Not Easy to get unless you’re a fool or ignorant.

It’s not like an airborne cold or flu where you could just walk down the street too close to where a sick person exhaled.

For that third hypothesis, it still seems extremely far fetched to me. It’s not like a mosquito bite leaves a huge gaping wound. I’ve never seen a mosquito bite that bleeds at all; more remarkable considering all of the anticoagulants that a mosquito uses.

How long does the HIV virus even survive in a mosquito’s stomach? The cited article says that blood is entirely digested within a day or two, so that’s an upper bound, but I would guess that the relatively delicate HIV virus would survive far shorter than that.

Now with a bit of data, from this report from the Office of Technology Assessment: Apparently a typical HIV patient has something like 10 tissue culture infectious units per mL of blood, though extreme cases have seen as high as 25,000 units/mL.

If a mosquito is fed 10,000 to 100,000 units/mL, certain strains of HIV can survive for a few hours (but other strains don’t survive in any measurable amount). Apparently some tiny fraction of virus can survive for up to 48 hours if the mosquito eats 1 million units/mL.

In the real world, I’d interpret that as saying that IF a mosquito bites a person with near record-setting viral load, AND IF you do you best to extract the virus within minutes, AND IF you inject the virus strait into your bloodstream, you’ll still have a tiny chance of being infected. Exposure via accidental needle stick has an infection rate around 0.3%, and for that sort of exposure the virus is only outside a human body for at most a few minutes, and it isn’t exposed to sunlight or digestive enzymes or any other number of things that will kill the HIV virus. The volume of blood transferred by accidental needle stick is also orders of magnitude bigger than what can possibly transferred by mosquito.

There’s a lot more in that report, if anyone wants to read up and follow their cites.

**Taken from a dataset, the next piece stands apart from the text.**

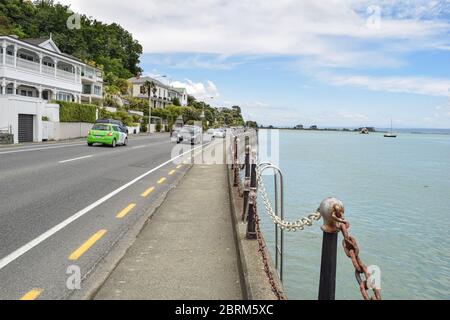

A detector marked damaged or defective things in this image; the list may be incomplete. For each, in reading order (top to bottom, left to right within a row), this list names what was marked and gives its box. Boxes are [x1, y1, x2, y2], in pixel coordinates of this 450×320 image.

rusty chain [332, 205, 382, 300]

To the OP, if you google around looking for information on this you will probably get a lot of links leading back to the Lyndon Larouche folks. They’re a bunch of complete nutjobs who years ago here in California were trying to push the idea that people were catching AIDS from mosquito bites all the time (that’s not all of their insanity, just one thing they were saying).

Just an FYI.

Ugh. Lawyers.


I say that with all due respect ;).

It’s not just that, though. Because a mosquito that feeds on an AIDS carrier isn’t going to bite anyone else: they’ve just eaten.

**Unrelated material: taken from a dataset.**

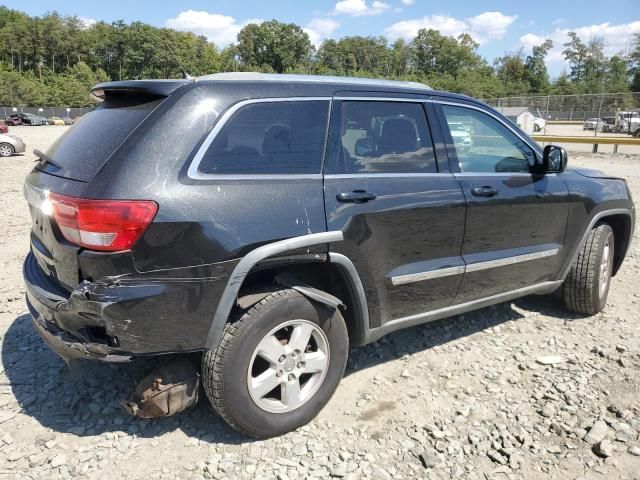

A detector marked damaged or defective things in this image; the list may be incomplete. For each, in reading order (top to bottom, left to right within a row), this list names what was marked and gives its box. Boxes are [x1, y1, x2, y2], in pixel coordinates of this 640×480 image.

So, first calculate the odds that the mosquito bites someone with AIDS. Then calculate the odds that they are interrupted before they can finish, and are still hungry. Then calculate the odds that they decide to land on you to finish their meal. If all of those odds line up, then there’s a 1 in 10 million chance of catching the virus.

I’m guessing we’re well into scientific notation territory by that point.